Due to the sub-stoichiometric nature of protein phosphorylation, special sample preparation and phosphopeptide enrichment steps are required, as mentioned above. Besides, phosphopeptides provide significant difficulties for the mass spectrometric analysis [52, 82]. Phosphopeptides show lower ionization efficiencies in positive ionization mode due to ion suppression compared to non-phosphorylated peptides [83]. In addition, in the case of phosphoproteins, the labile phosphoryl group can be easily lost during fragmentation. This leads to an incident called neutral loss of 98 Da, which usually produces a dominant fragment ion and has to be considered for the identification of the peptides. Different fragmentation techniques have been applied and combined to improve the phosphopeptide identification such as collision-induced dissociation (CID) [84], higher-energy collision-induced dissociation (HCD), and electron-transfer dissociation (ETD) [85], but until now there is no universally applicable technique [86]. Furthermore, it is important to localize the phosphorylation to the corresponding amino acid residue. This phosphosite localization can be even more important and challenging than the peptide identification itself craving for an appropriate algorithm [87].

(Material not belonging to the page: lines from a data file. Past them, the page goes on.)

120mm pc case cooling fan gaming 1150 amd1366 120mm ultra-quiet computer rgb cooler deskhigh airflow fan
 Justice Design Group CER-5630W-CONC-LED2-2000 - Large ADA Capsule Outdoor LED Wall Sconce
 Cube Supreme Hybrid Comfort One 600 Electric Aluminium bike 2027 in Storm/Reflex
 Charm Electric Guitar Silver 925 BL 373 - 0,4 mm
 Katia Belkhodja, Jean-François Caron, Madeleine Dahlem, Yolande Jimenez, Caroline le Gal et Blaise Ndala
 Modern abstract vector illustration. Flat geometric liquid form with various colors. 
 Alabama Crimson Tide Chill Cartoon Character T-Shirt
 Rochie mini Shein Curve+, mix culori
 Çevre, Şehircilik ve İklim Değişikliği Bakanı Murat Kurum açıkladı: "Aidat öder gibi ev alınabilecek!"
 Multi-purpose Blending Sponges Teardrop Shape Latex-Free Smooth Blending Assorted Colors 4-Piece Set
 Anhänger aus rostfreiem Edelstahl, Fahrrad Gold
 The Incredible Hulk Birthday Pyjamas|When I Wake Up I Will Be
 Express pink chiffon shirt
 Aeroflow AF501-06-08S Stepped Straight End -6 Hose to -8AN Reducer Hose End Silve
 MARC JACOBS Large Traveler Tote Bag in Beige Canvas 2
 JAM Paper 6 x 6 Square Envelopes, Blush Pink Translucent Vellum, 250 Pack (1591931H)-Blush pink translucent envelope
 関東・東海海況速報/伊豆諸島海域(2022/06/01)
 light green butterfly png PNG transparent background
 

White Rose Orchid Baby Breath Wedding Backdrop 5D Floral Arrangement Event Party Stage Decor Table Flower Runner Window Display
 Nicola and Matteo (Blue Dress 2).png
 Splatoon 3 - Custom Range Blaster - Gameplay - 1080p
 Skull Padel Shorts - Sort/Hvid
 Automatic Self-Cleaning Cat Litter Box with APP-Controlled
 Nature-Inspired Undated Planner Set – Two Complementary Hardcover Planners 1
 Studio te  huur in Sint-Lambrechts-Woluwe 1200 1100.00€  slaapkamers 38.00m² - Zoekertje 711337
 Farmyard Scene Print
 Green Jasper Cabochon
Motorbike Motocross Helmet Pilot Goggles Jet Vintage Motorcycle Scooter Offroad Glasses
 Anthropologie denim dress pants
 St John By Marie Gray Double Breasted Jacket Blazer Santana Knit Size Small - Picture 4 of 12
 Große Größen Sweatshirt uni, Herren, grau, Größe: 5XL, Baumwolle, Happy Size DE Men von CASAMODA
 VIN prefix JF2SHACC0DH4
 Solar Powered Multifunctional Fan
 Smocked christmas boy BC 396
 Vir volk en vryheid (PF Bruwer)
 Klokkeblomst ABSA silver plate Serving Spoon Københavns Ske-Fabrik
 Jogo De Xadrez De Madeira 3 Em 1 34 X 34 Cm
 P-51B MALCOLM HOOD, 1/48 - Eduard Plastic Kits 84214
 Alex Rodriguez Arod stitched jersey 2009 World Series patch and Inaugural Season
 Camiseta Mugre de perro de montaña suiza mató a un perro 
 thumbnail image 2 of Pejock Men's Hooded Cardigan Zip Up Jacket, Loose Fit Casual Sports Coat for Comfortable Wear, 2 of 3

Moreover, tyrosine phosphorylation occurs 100–1000 times less than Ser/Thr phosphorylation, which requires phosphotyrosine-specific enrichment strategies as described above [51]. The study of tyrosine phosphorylation is important in unraveling signaling mechanisms connected to malignancies such as cancer, especially because the majority of FDA approved kinase inhibitors applied in tumor therapy target tyrosine kinases [88, 89].

In addition to the requirement of sophisticated and state-of-the-art technologies, also the dynamic nature of phosphorylation requires careful avoidance of enzymatic or chemical dephosphorylation by means of phosphatase inhibitors, making the analysis a challenging task [90]. Phosphorylation events are time dependent and thus phosphoproteomics can only provide a snapshot of the particular condition.

Quantification of changes in phosphoproteome regulation

Quantification is essential to reveal changes in the phosphoproteome. It enlightens the proteins, which are significantly regulated in the particular experimental conditions in response to e.g. a defined treatment, and helps to resolve signaling networks. There are different quantification strategies applied for phosphoproteomic approaches mainly including isotope-labeling and label-free methods. The most dominant techniques focus on labeling of peptides or proteins mostly with stable isotopes, which can be readily distinguished by mass spectrometry [91]. Stable isotope labeling by amino acids in cell culture (SILAC) is a very common metabolic in vivo labeling method before proteolytic digestion [92]. Thereby, during protein biosynthesis the cells incorporate isotope-labeled amino acids provided in the cell culture medium or in the feed for animal models.

Peptides can also be isotope-labeled during the tryptic digestion of proteins through incorporation of heavy oxygen from H2 18O. Moreover, reductive dimethylation labeling using regular or deuterium-labeled forms of formaldehyde and sodium cyanoborohydride is an efficient post digestion labeling method applied for full MS quantification by comparing extracted ion chromatogram peak areas corresponding to the differently isotope-labeled peptide species [93]. Isotope-labeling of proteins or peptides can also be performed upon chemical derivatization with isotope-labeled, mostly amino- or thiol-reactive agents such as Isotope-coded Affinity Tags (ICAT) [94] or Isotope-Coded Protein Labels (ICPL) [95].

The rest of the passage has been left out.